Dr Nelson breaks "unconditional" commitment to parliament

ANTAR Media release – May 23, 2008 at 02:32 PM

Opposition Leader Brendan Nelson’s decision to pull out of the bipartisan commission to improve housing in Aboriginal communities flies in the face of undertakings he gave in parliament during his apology to the Stolen Generations.

During his apology speech in Parliament on the 13th of February, Dr Nelson gave his “unconditional” support for the Prime Minister’s proposal.

Dr Nelson said, “I … offer on behalf of the opposition my unconditional support to participate in the commission for policy which he proposes. This is far, far more important than any of the things that would normally divide us as a nation in philosophy and politics.”

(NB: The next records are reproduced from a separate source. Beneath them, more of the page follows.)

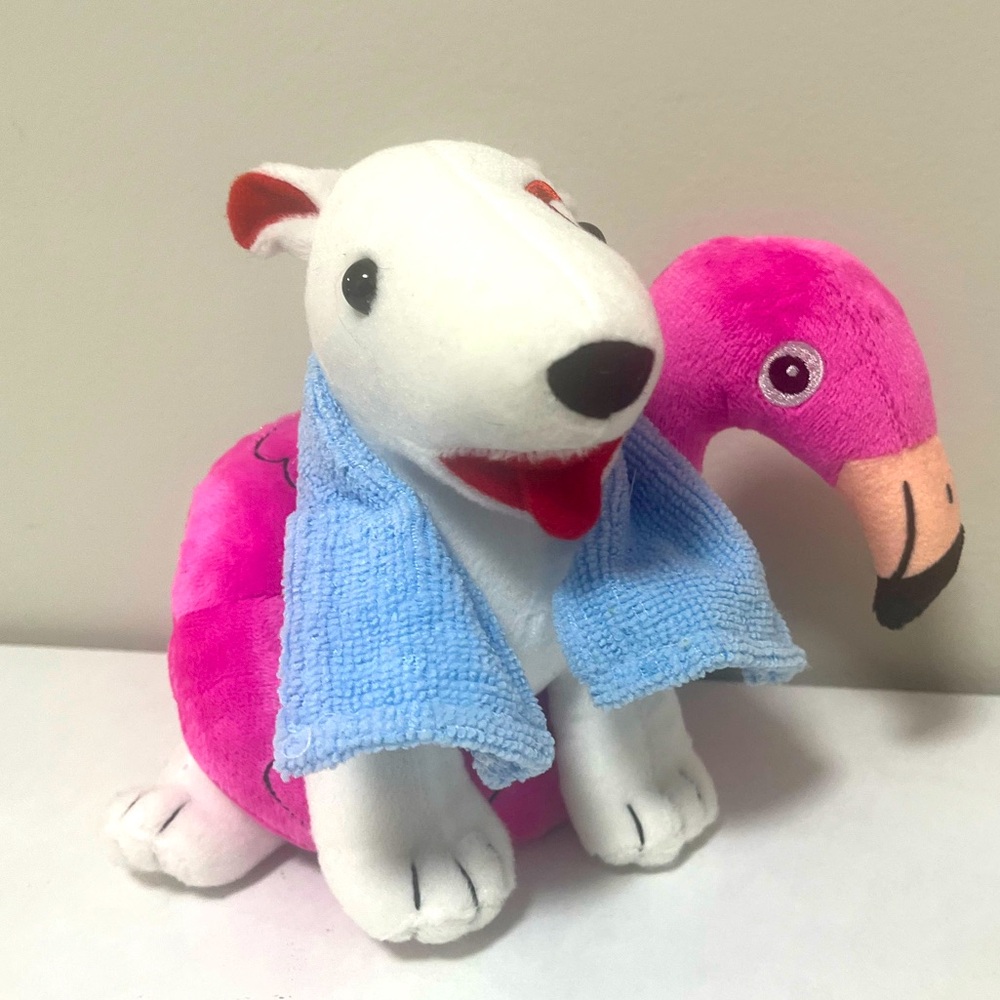 🌸☀️ Limited Edition Pink Floaty Bullseye Plush Dog! ☀️🌸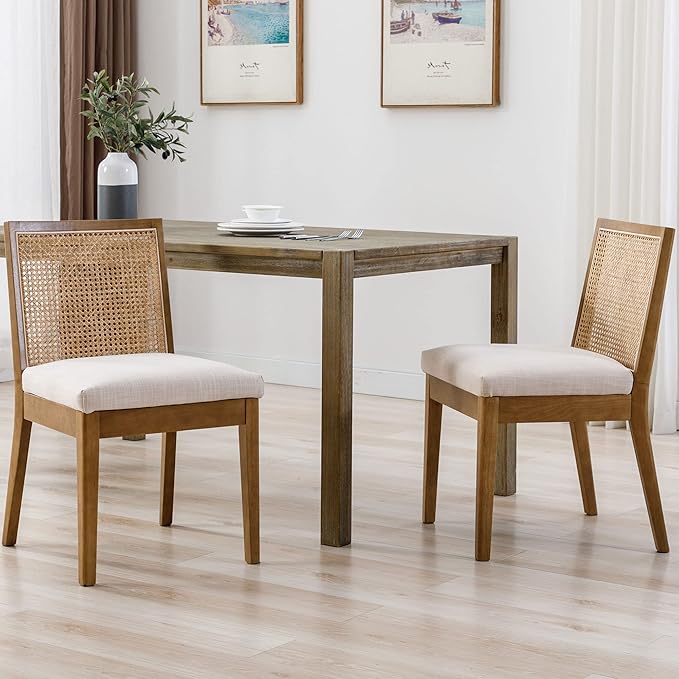 VESCASA Upholstered Dining Chairs with Square Rattan Back, Armless Padded Linen Cushion Dining Chairs with Wood Legs for Dining Room, Kitchen, Set of 2, Natural Frame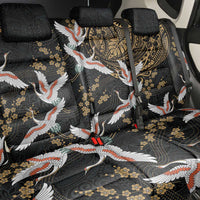 Hawaii and Japanese Together Back Car Seat Cover Cranes Birds with Kakau Pattern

ANTaR National Director, Gary Highland said he felt “gutted” that Dr Nelson has gone back on his commitment to the Parliament and Aboriginal people only three months after making it.

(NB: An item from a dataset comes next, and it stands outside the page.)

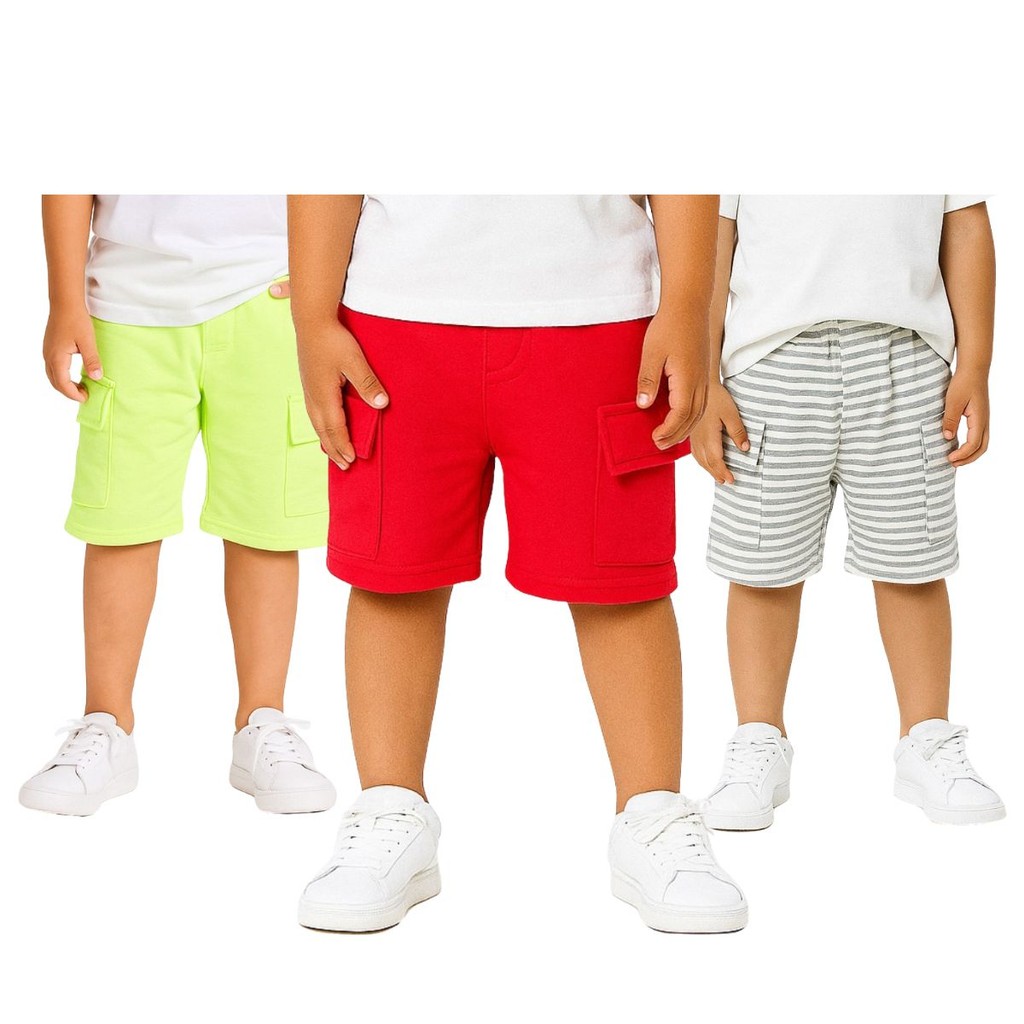 Kit 3 Bermudas Infantil Moletinho Cinza Amarelo E Vermelha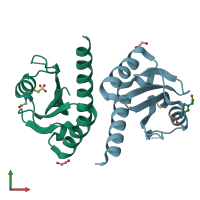 PDB entry 3cwf coloured by chain, front view.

“In order for it to work, membership of the commission has to be acceptable to both the Prime Minister and Leader of the Opposition. Dr Nelson is playing politics by now seeking to place unreasonable conditions over one individual’s involvement in the commission,” Mr Highland said.

Mr Highland said there were sound reasons why former Minister, Mal Brough should not serve on the commission.

“There’s no doubt that Mr Brough maintains a genuine commitment to overcoming Aboriginal disadvantage, boosting economic development in Aboriginal communities and overcoming violence and abuse. He has potentially much to contribute in these areas.”

“However, during his time as Minister, Mal Brough failed to act in a bipartisan way and alienated many Aboriginal people by his heavy handed tactics. He’s therefore unsuitable for a bipartisan commission of this kind,” Mr Highland said.

Mr Highland urged Dr Nelson to stand by his original commitment to the Parliament.

“The desperate need for housing in Aboriginal Australia is far more important than any individual – Dr Nelson, Mr Brough – or for that matter even the Prime Minister.”

“We desperately need to establish a long-term, bipartisan commitment to solve one of this nation’s greatest challenges – ensuring first world standards of housing for the first Australians.”

“It is extremely disappointing that this is now threatened by Dr Nelson’s inability to stand by the commitment he made in the Parliament to the Australian people,” Mr Highland said.